Copy, please, the line with "Land Rover Range" and each line that follows it through the end of the data below, exactly as given and without pictures.
----------------
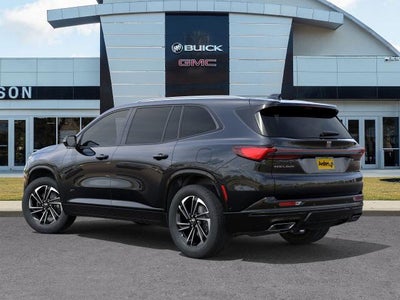 2026 Buick Enclave Sport Touring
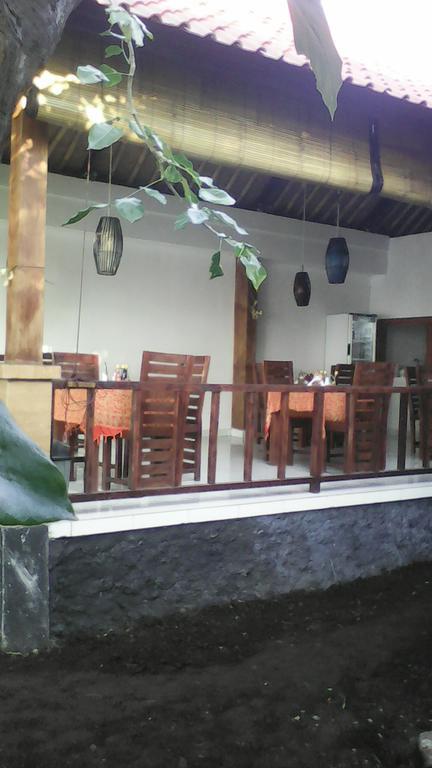 Beten Enjung Home Stay&Waroeng Amed Zewnętrze zdjęcie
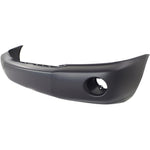 2001-2003 TOYOTA HIGHLANDER; Front Bumper Cover; Painted to Match 2001-2003 TOYOTA HIGHLANDER; Front Bumper Cover; Painted to Match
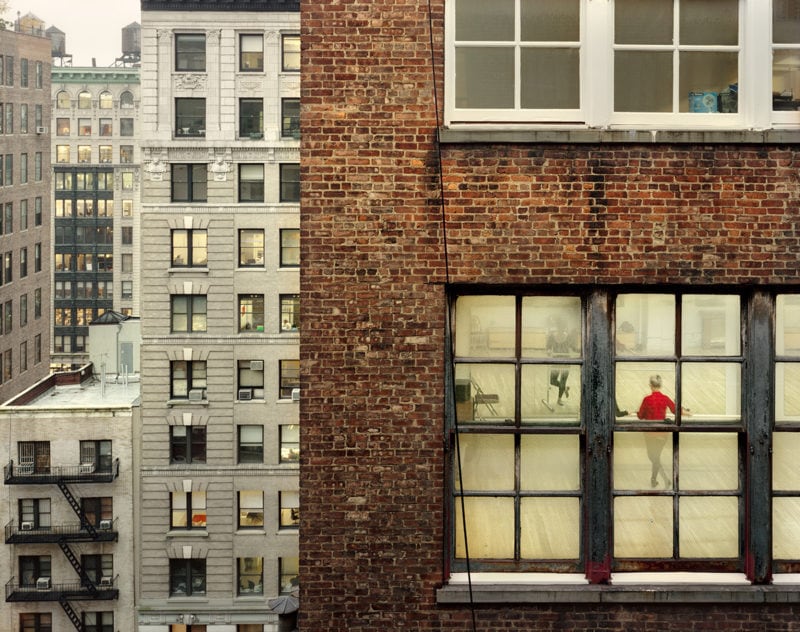 Chelsea, Dance Studio, 2009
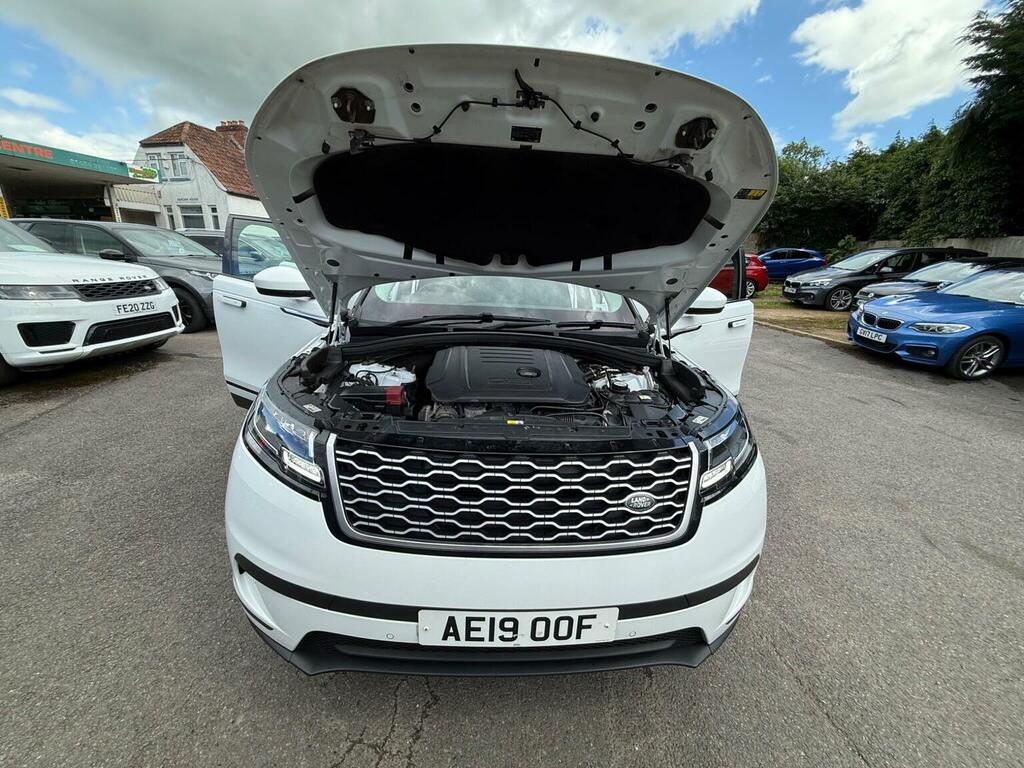 Land Rover Range Rover Velar Velar R-dynamic S Black #30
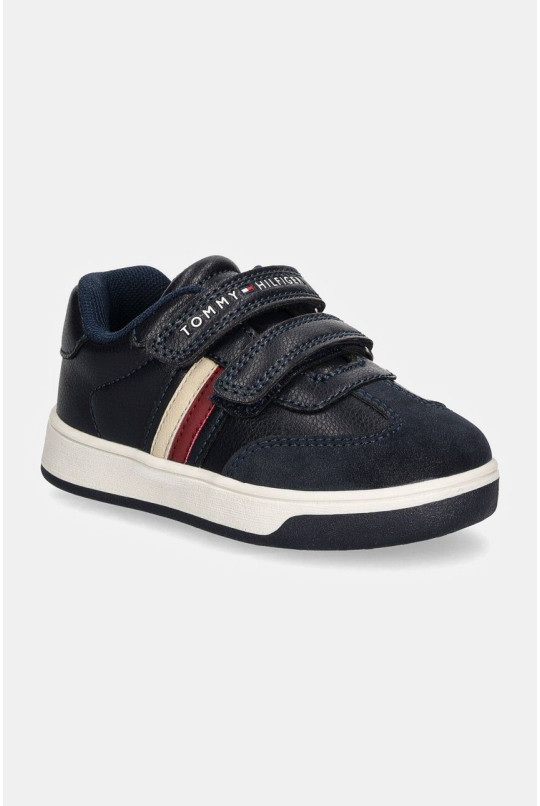 Кросівки Tommy Hilfiger колір синій T1X9-33624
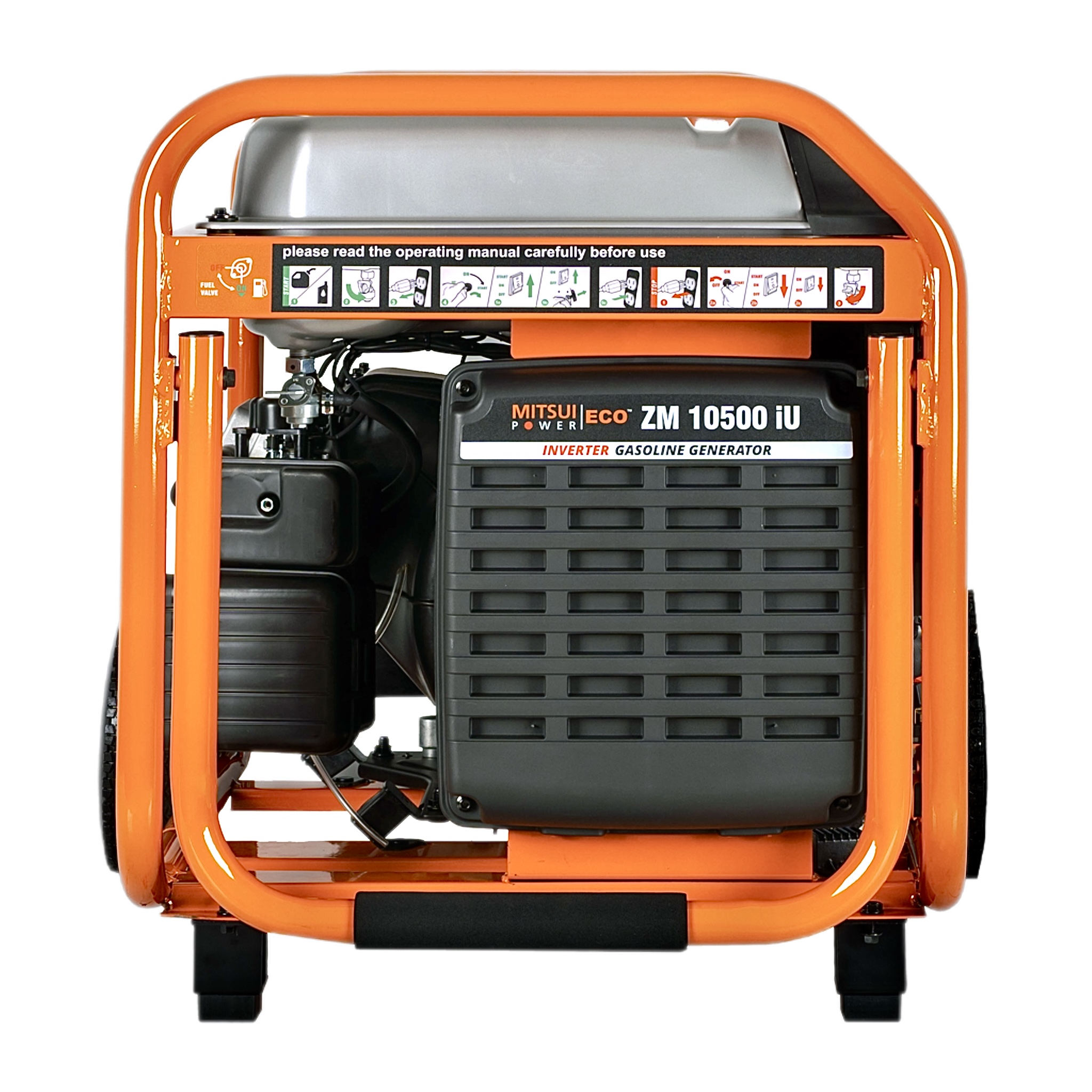 Инверторный генератор Mitsui Power ECO ZM 10500 iU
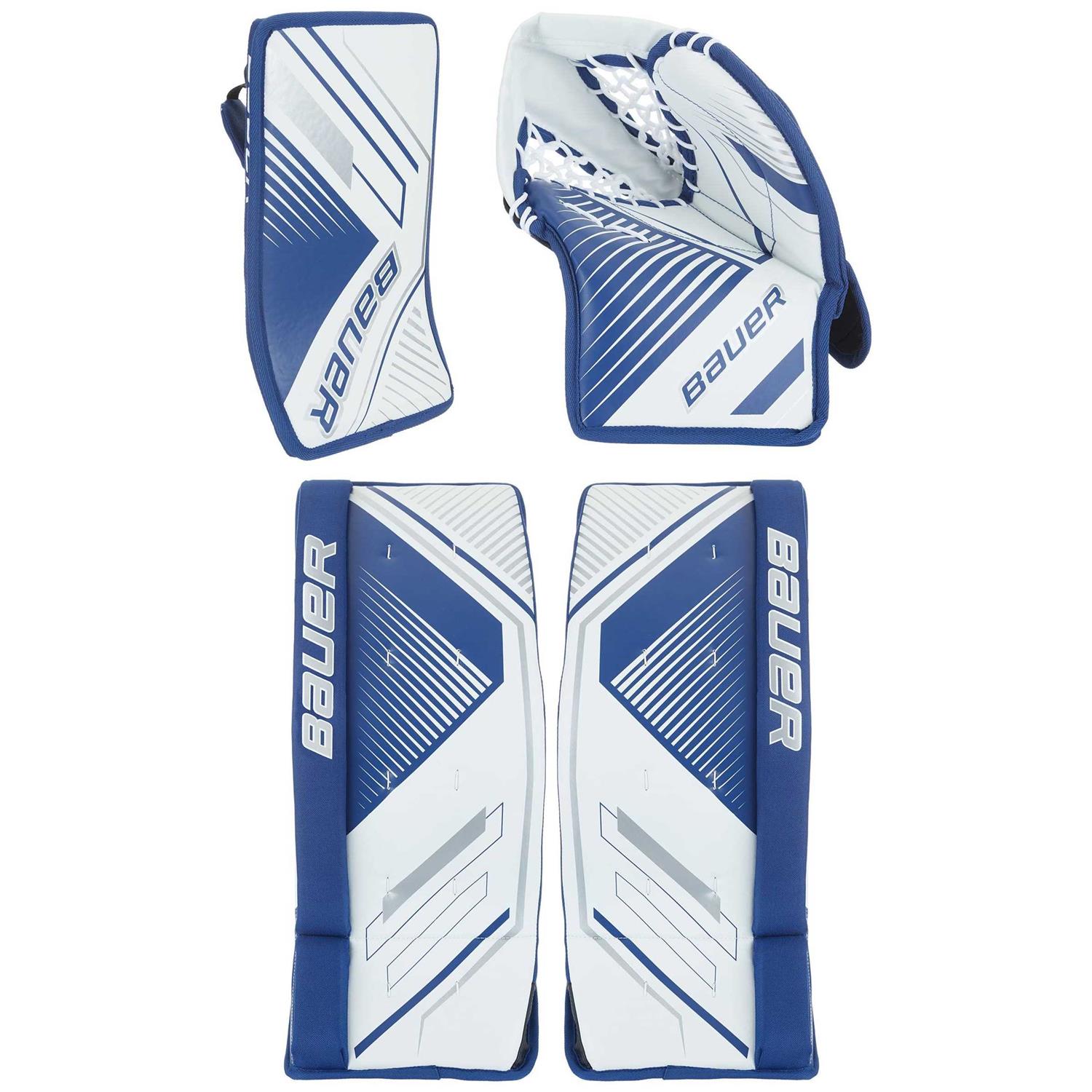 Bauer Performance Street Hockey Goalie Kit - Sports Supplies Online Store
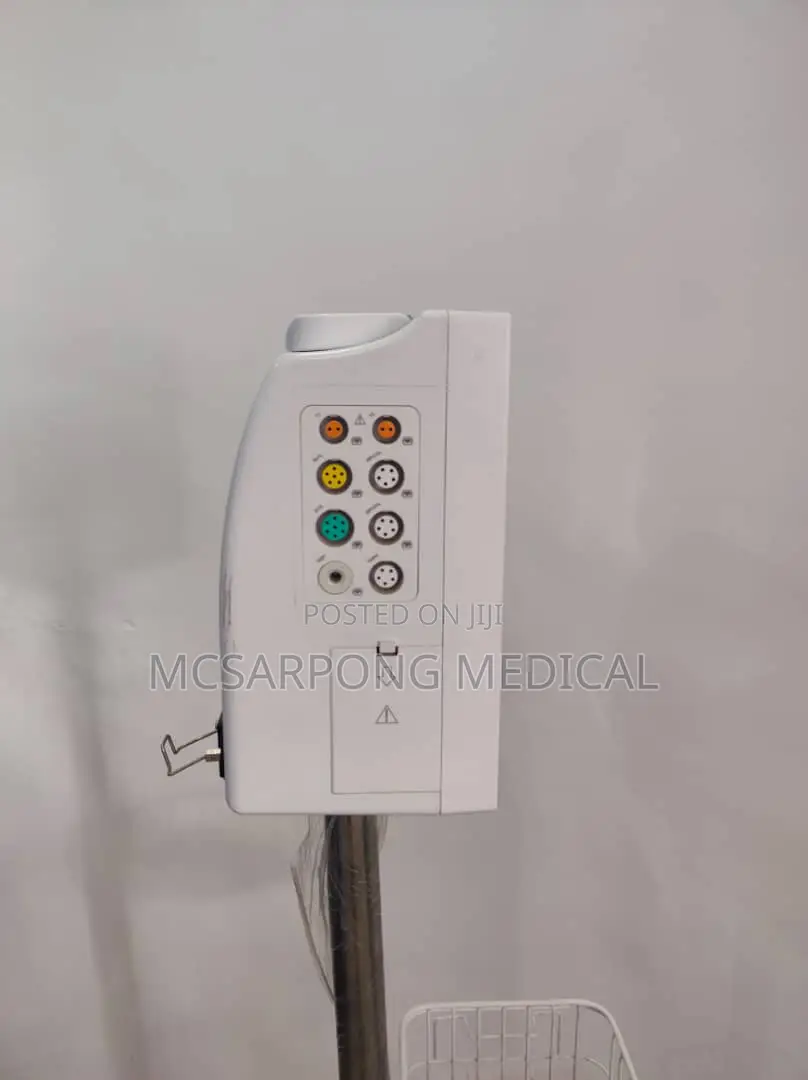 Patient Monitor With Trolley Stand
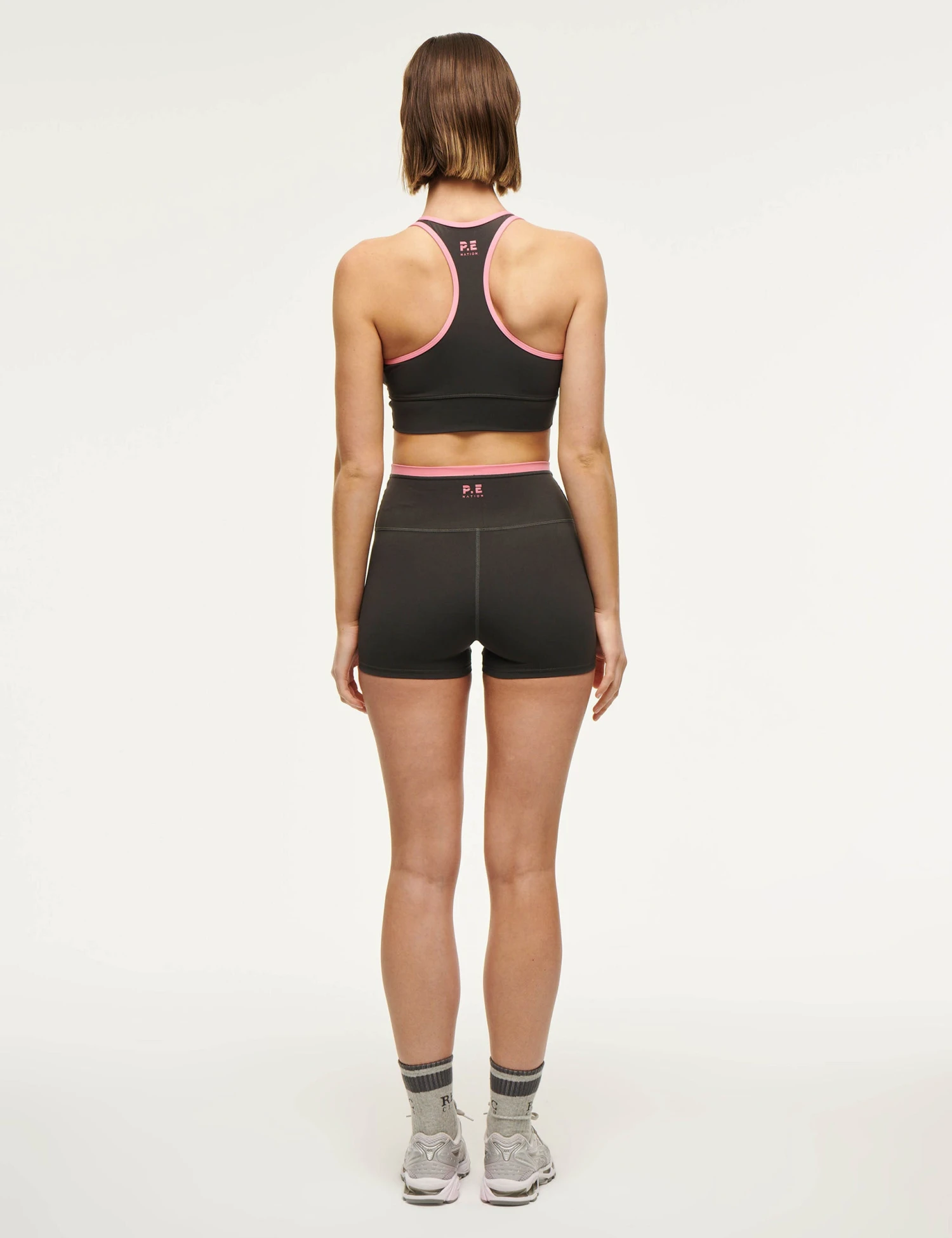 Vita 2.5" Bike Short - Asphalt 8 Vita 2.5" Bike Short - Asphalt - Image 6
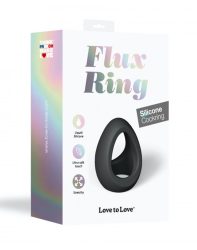 Flux Cockring Black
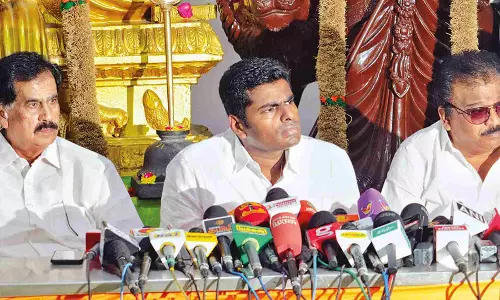 I stand by what I said, can’t speak ill of Jaya: Annamalai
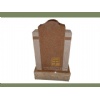 Western Style Tombstone Monument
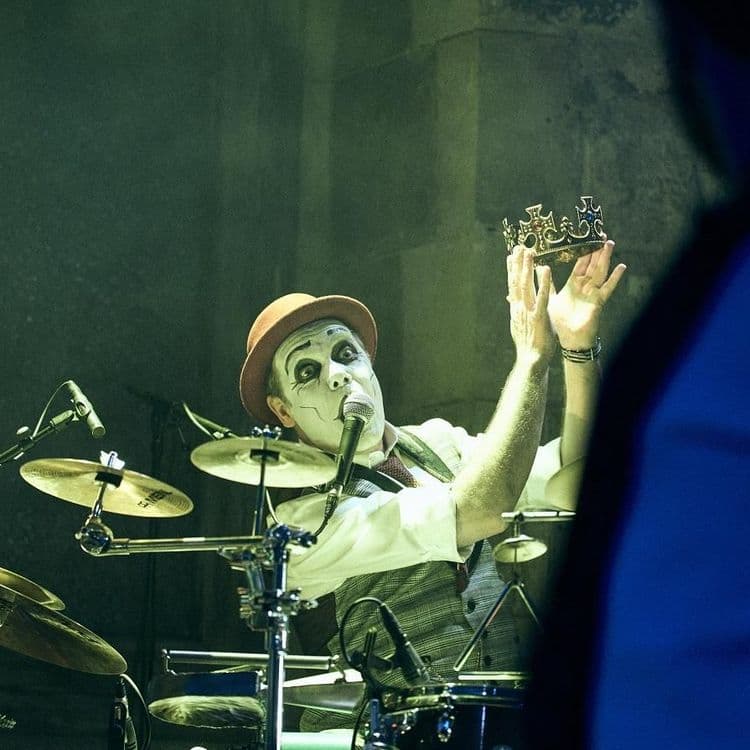 Imagen de A Macbeth song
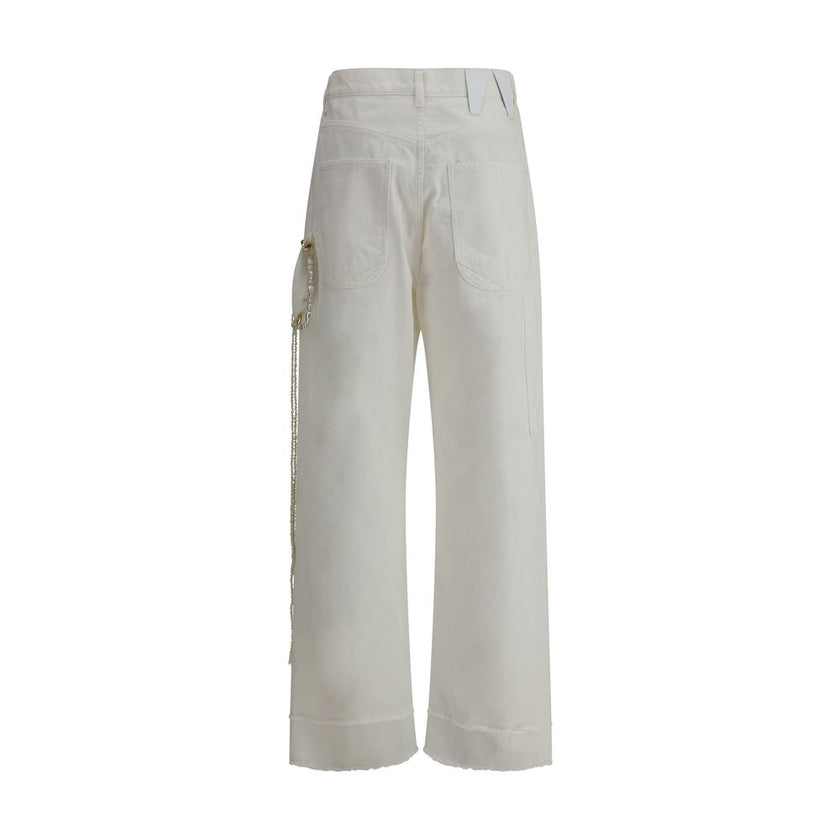 Darkpark Lisa Chain Jeans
----------------
Task result:
 Land Rover Range Rover Velar Velar R-dynamic S Black #30
 Кросівки Tommy Hilfiger колір синій T1X9-33624
 Инверторный генератор Mitsui Power ECO ZM 10500 iU
 Bauer Performance Street Hockey Goalie Kit - Sports Supplies Online Store
 Patient Monitor With Trolley Stand
 Vita 2.5" Bike Short - Asphalt 8 Vita 2.5" Bike Short - Asphalt - Image 6
 Flux Cockring Black
 I stand by what I said, can’t speak ill of Jaya: Annamalai
 Western Style Tombstone Monument
 Imagen de A Macbeth song
 Darkpark Lisa Chain Jeans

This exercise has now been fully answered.